_WHAT TO PRODUCE_.
Please set down, unchanged, each line from the one with "Birkenstock Gizeh EVA" to the final line of the data below, both included. Drop the pictures.

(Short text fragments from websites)
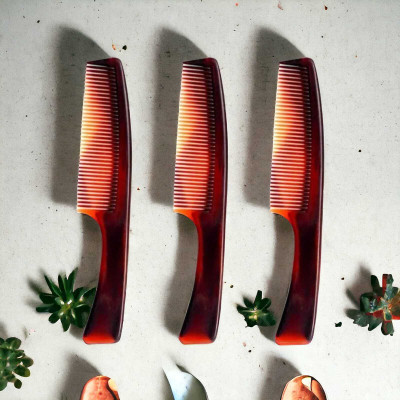 MICLAC Small pocket combs with handle for men (pack of 3)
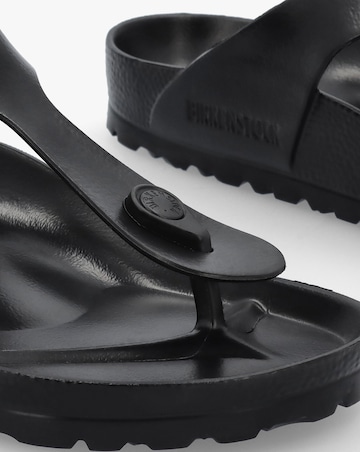 Birkenstock Gizeh EVA Black Toe Post Sandals Standard Fit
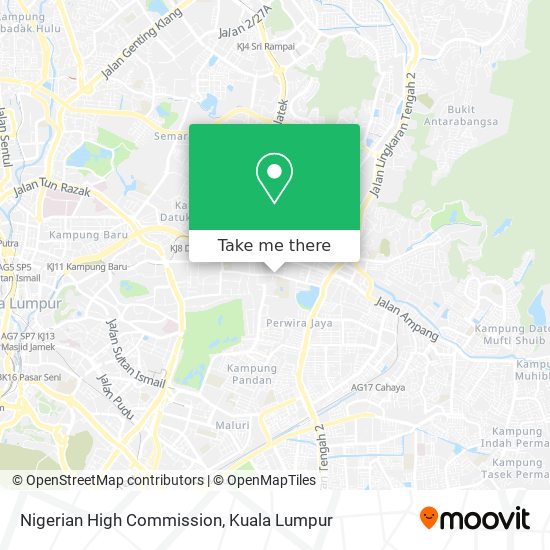Nigerian High Commission map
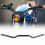 Steel Motorcycle Handlebar 22mm Black 7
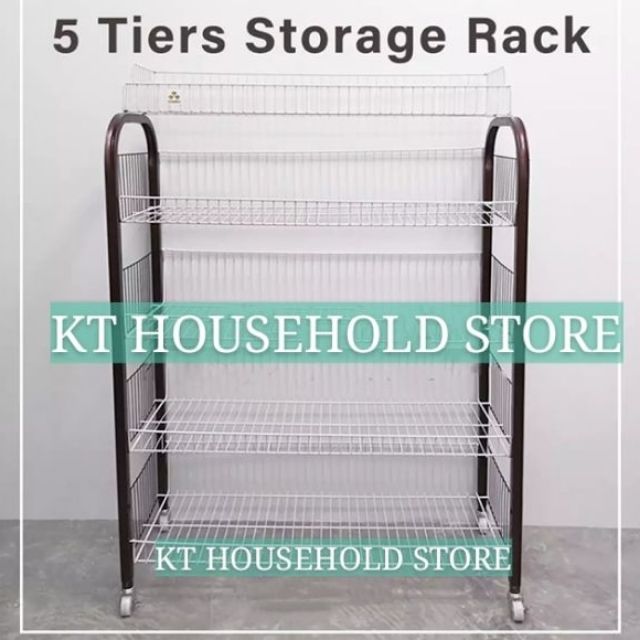 KT WARE 3V 5 Tier Bakery rack Dish rack / plate rack /multipurpose rack ...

_SOLVED PROBLEM_.
 Birkenstock Gizeh EVA Black Toe Post Sandals Standard Fit
Nigerian High Commission map
 Steel Motorcycle Handlebar 22mm Black 7
 KT WARE 3V 5 Tier Bakery rack Dish rack / plate rack /multipurpose rack ...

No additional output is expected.